Ribeiro reconhece que o resultado do ano passado foi bastante prejudicado pela forte intervenção no mercado de câmbio realizada pelo Banco Central em dezembro do ano passado, em meio à escalada do dólar. A atuação extraordinária foi de US$ 32,574 bilhões - US$ 21,5 bilhões só no mercado à vista. Mas o pesquisador argumenta que esse foi mais o efeito do que a causa do problema.

"O BC precisou entrar no mercado porque faltou dinheiro. A venda da reserva é o efeito, não é a causa. O que na verdade é relevante é que a realidade do financiamento externo piorou. O mundo ficou menos palatável, mais difícil. O fluxo de financiamento para economias emergentes será mais complicado em 2025".
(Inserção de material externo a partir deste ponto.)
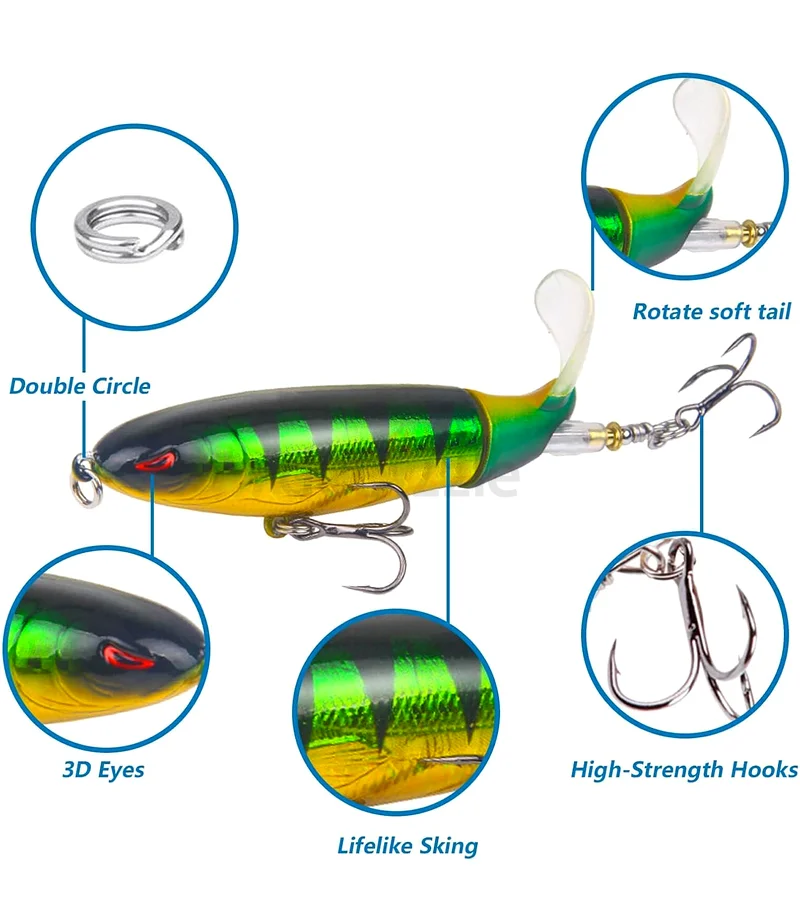 5Pcs Whopper Fishing Lure for Bass Popper Top Water Fishing Lures with Floating Rotating Tail Barb T63241124812290111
Para Livio Ribeiro, com a taxação de Trump, o momento é ruim para o mundo inteiro, mas os emergentes têm um "dever de casa" maior. No Brasil, a questão é fiscal. Silvio Campos Neto, economista e sócio da Tendências Consultoria, vê a redução do fluxo de capital como o maior risco das políticas do governo do republicano para o país, especialmente em um momento em que a dependência de capitais mais voláteis está aumentando. Ele lembra que o Brasil não é um alvo prioritário para Trump na tarifação.

"Com a margem mais estreita entre déficit em conta corrente e IDP, os capitais voláteis passam a ser mais importantes e estão mais sujeitos ao humor do mercado".

Crescimento da economia

Do outro lado da conta, o déficit em conta corrente mais que dobrou em 2024 principalmente devido ao forte crescimento da economia brasileira. O consumo transbordou para o exterior na forma de aumento das importações de bens e serviços.

"É um dos sintomas de um crescimento econômico acima do potencial. Um deles é a inflação. O outro é que o aumento da demanda vaza para o exterior na forma de importações de bens e serviços, provocando a redução do saldo comercial e o aumento do déficit da conta de serviços", diz Silvio Campos Neto.

Os especialistas dizem, porém, que o cenário, apesar de mais delicado, não é alarmante. Em primeiro lugar, é esperada uma redução do déficit em conta corrente este ano, em virtude da perspectiva de desaceleração econômica e do dólar mais alto, com efeito sobre as importações.

Projeções Na Tendências, a projeção é de rombo de cerca de US$ 50 bilhões. As previsões de IDP são de US$ 76 bilhões e R$ 60 bilhões, respectivamente. Livio Ribeiro espera uma sobra" de US$ 5 bilhões no financiamento do déficit externo este ano. Outro ponto a favor do país é que a dívida externa é condizente com o estoque de reservas internacionais e a maior parte é de longo prazo.

"Não é um sinal de vulnerabilidade externa ou qualquer questionamento de solvência externa. De certa forma, é um sinal de menor conforto. A correção disso passa por um crescimento econômico mais comedido e uma depreciação cambial. No mínimo, é um limitante para a apreciação. Talvez tenhamos que nos acostumar com o câmbio a R$ 5,80 e não muito abaixo disso", diz Silvio Campos Neto.

O pesquisador do Ibre/FGV concorda que o principal efeito é uma volatilidade maior do câmbio e uma tendência de enfraquecimento.

"O ambiente mudou. Estávamos há muitos anos sem discutir problemas de financiamento externo. Agora voltamos a discutir. Mas não é que o país vai quebrar. Não é uma crise de balanço de pagamentos. Mas não tem sobra. Vai trazer mais sensibilidade. No fim do dia, o câmbio vai ficar mais volátil e com uma tendência a enfraquecer. Hoje, eu diria que o dólar tem mais chance de chegar a R$ 6,50 do que R$ 5,50".